[Exercise data — start]

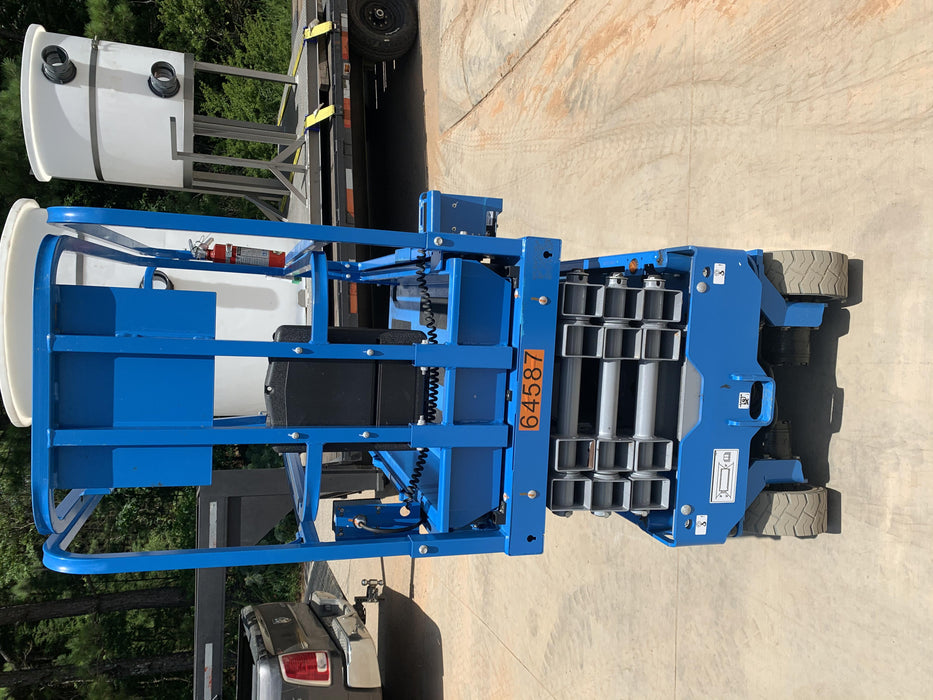 2020 Genie GS-1930 Standard Machine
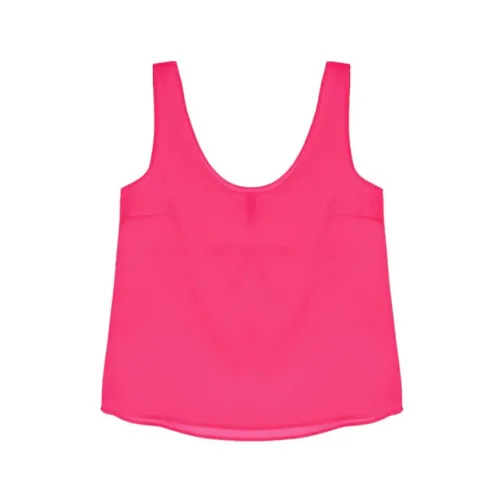 Imperial , Sleeveless Tank Top ,Pink female, Sizes:
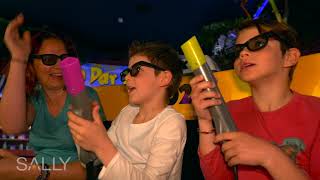Sesame Street Full Ride Through Sally Promo RPM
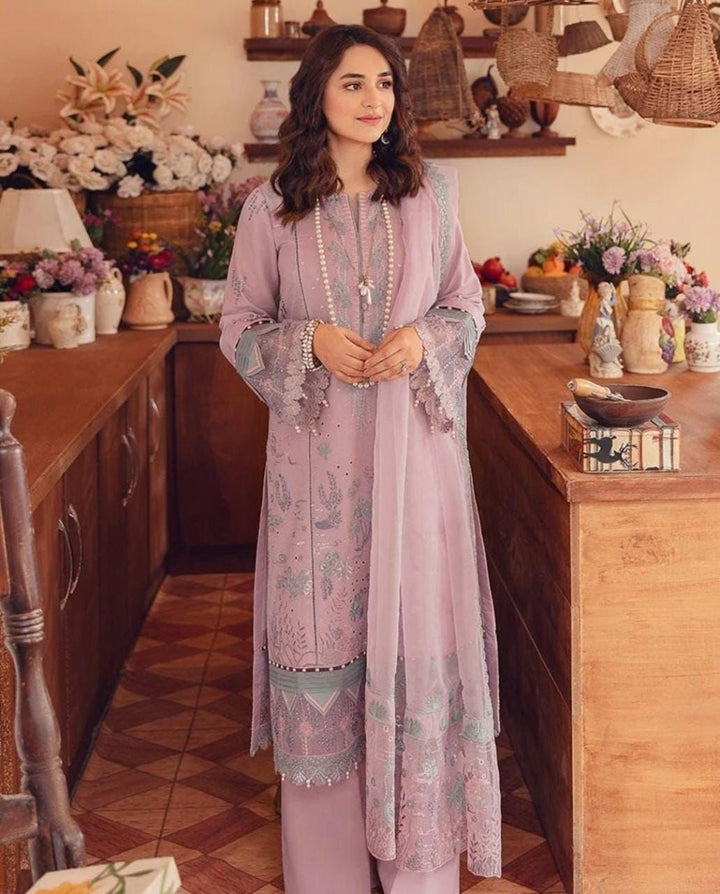 Rang Rasiya Lawn Suit-Aarasta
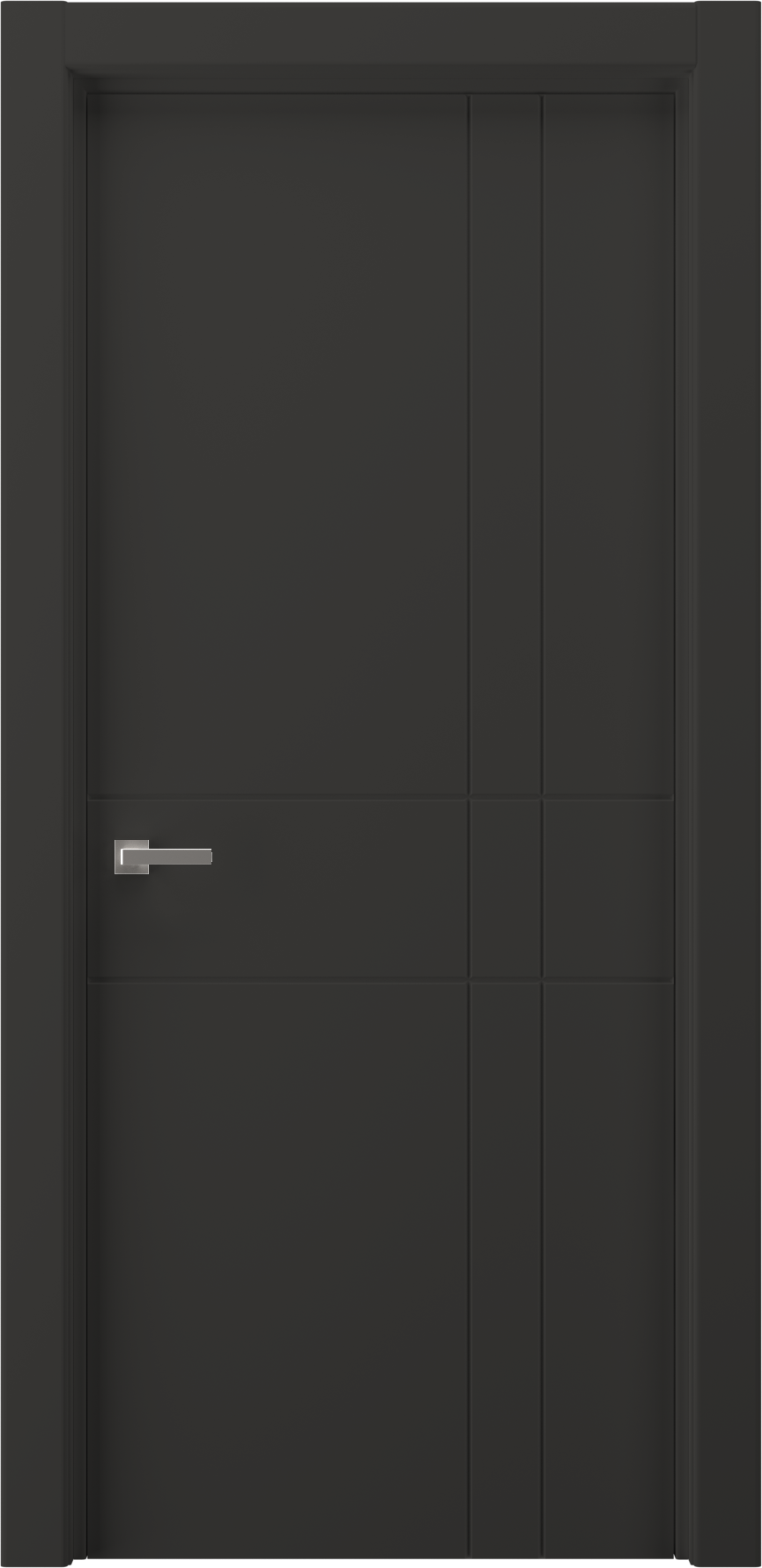 Модель дверей.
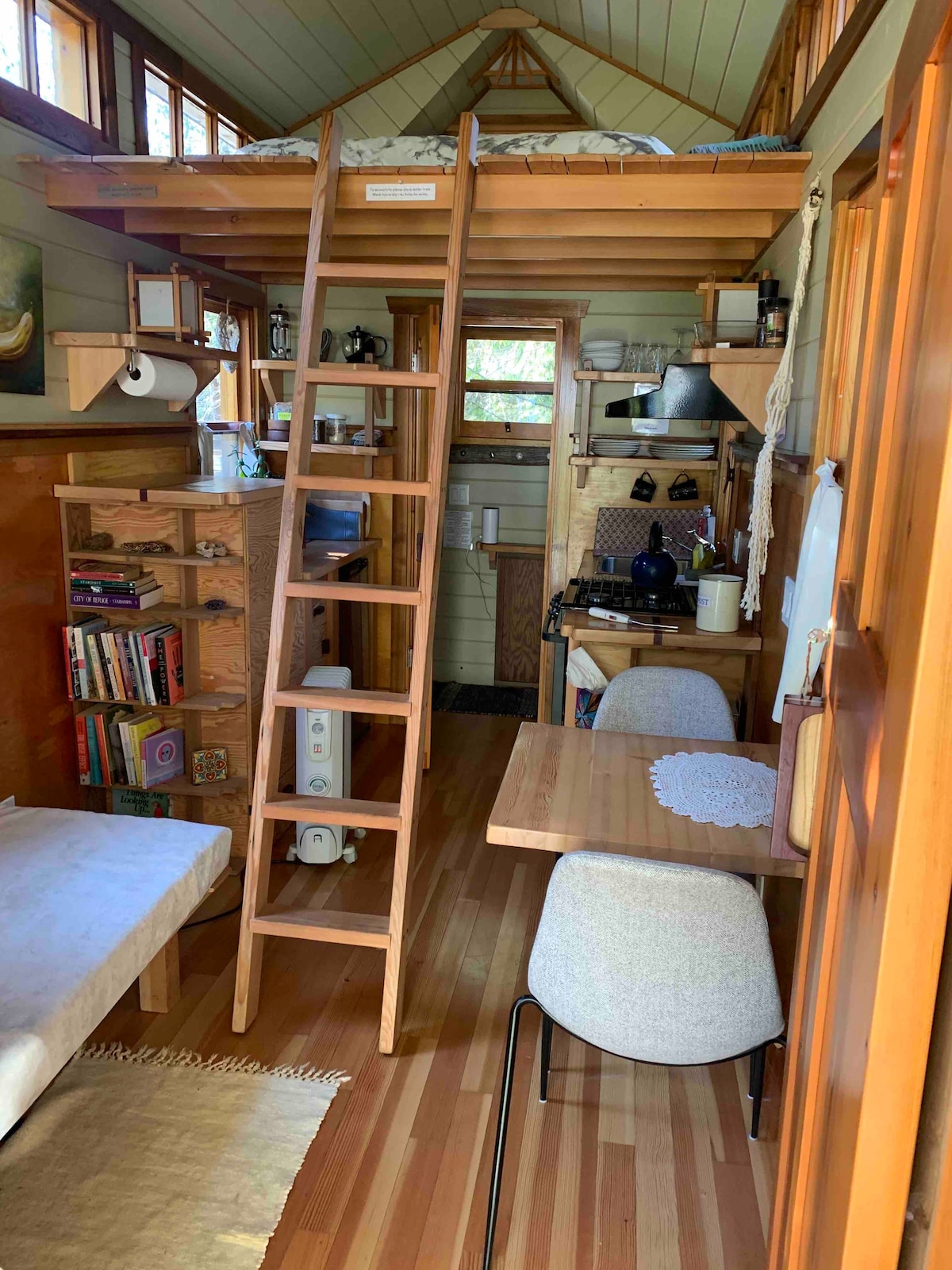 Glenora Tiny House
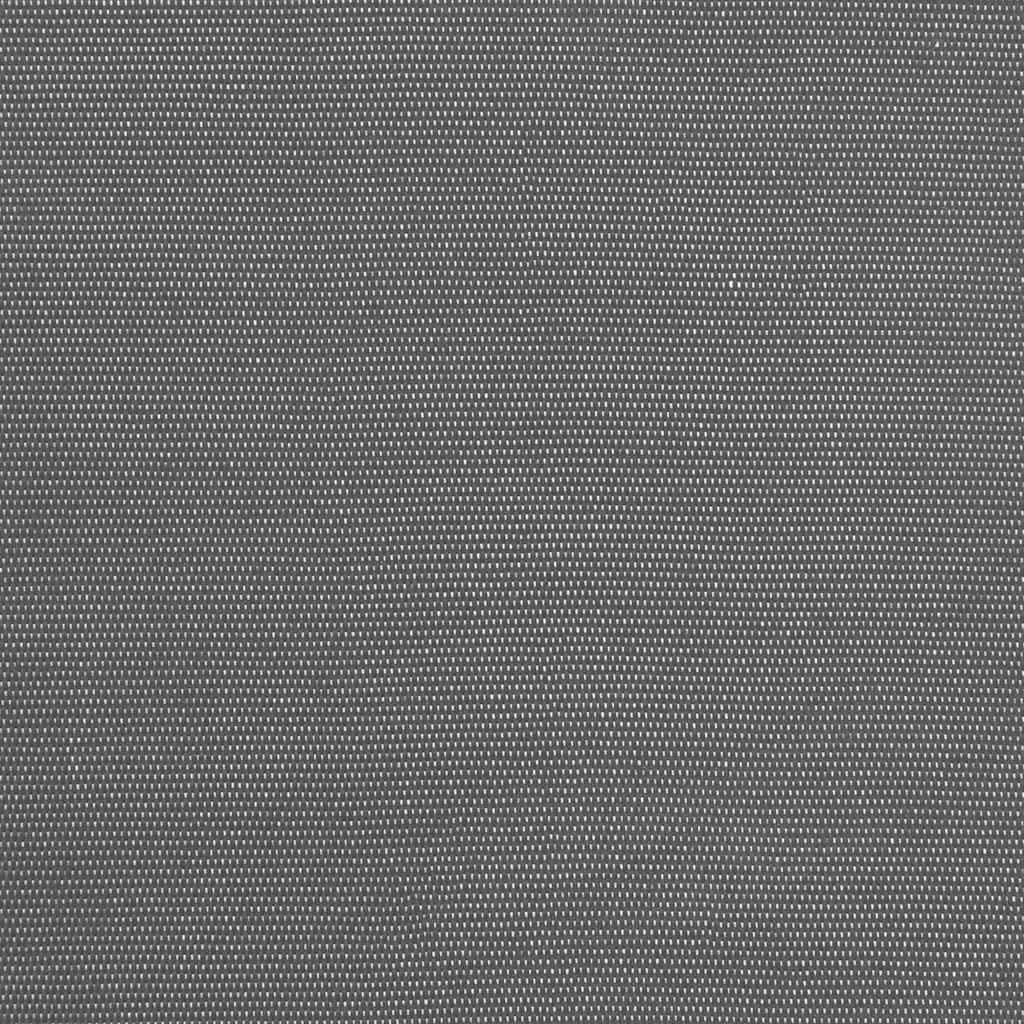 Einziehbare Markise Handbetrieben 150 cm Anthrazit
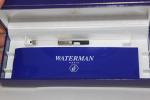 Waterman Expert Vintage Fountain Pen - Marbled Blue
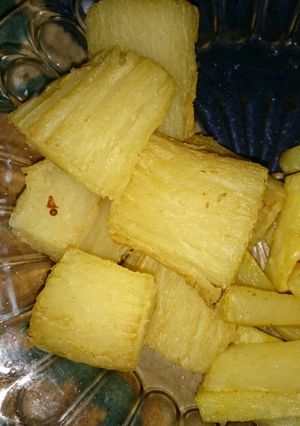 Foto resep Singkong empukkk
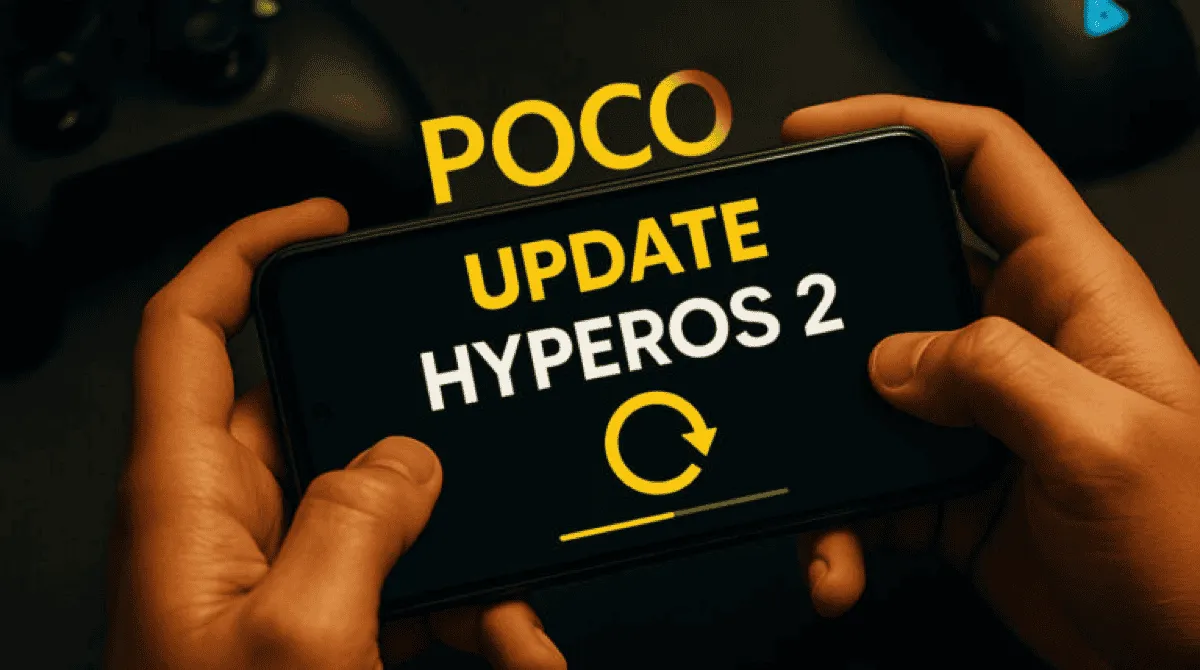 POCO HyperOS Update Wave Incoming: Over 90 Firmware Builds Set for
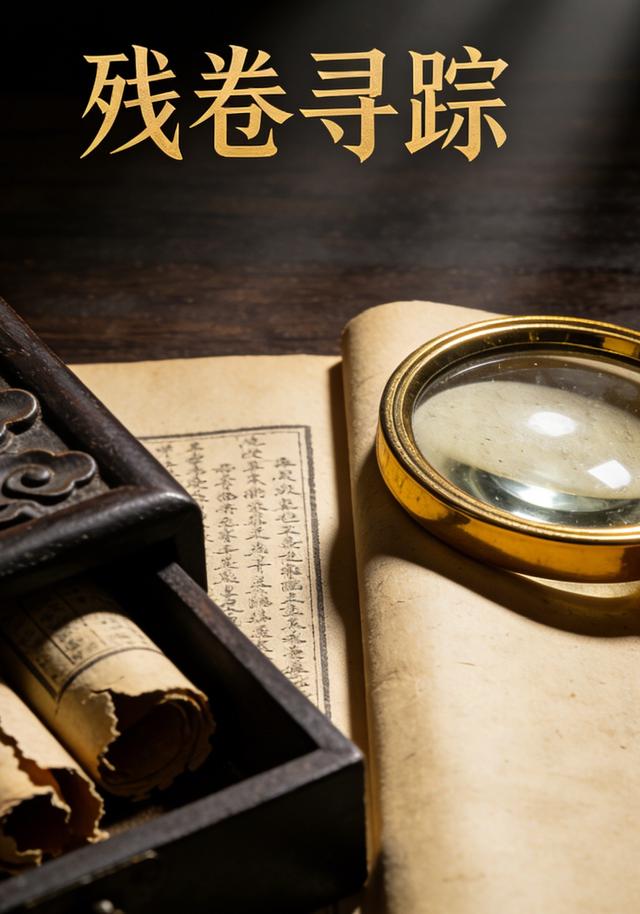 残卷寻踪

[Exercise data — finish]

- _The task_
Write out only the lines from the one that contains "Модель дверей." through the last line of the records above, both included, word for word and without the pictures.

- _Expected output_
 Модель дверей.
 Glenora Tiny House
 Einziehbare Markise Handbetrieben 150 cm Anthrazit
 Waterman Expert Vintage Fountain Pen - Marbled Blue
 Foto resep Singkong empukkk
 POCO HyperOS Update Wave Incoming: Over 90 Firmware Builds Set for
 残卷寻踪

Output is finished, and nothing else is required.